Print all of the data exactly, but drop the pictures.

Data provided:
=== Section Start ===
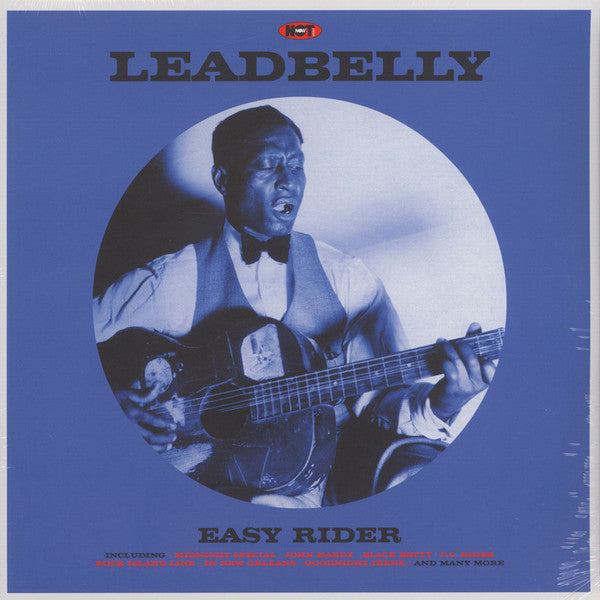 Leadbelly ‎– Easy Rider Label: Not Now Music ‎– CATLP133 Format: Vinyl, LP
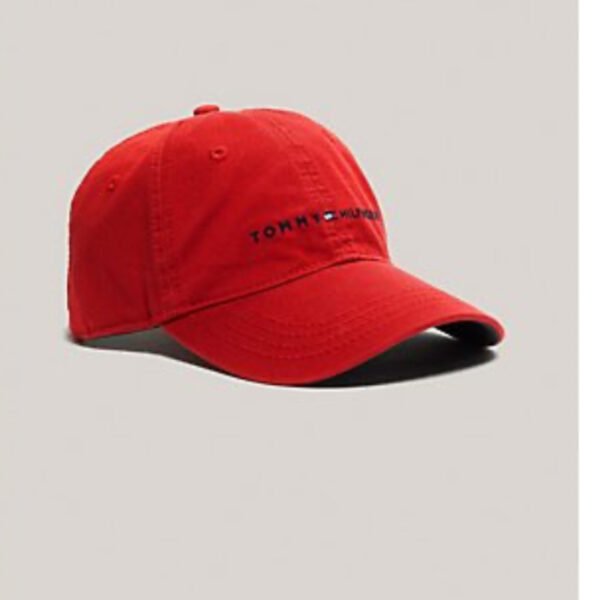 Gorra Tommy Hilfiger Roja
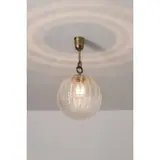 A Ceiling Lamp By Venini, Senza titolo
=== Section End ===
Task result:
 Leadbelly ‎– Easy Rider Label: Not Now Music ‎– CATLP133 Format: Vinyl, LP
 Gorra Tommy Hilfiger Roja
 A Ceiling Lamp By Venini, Senza titolo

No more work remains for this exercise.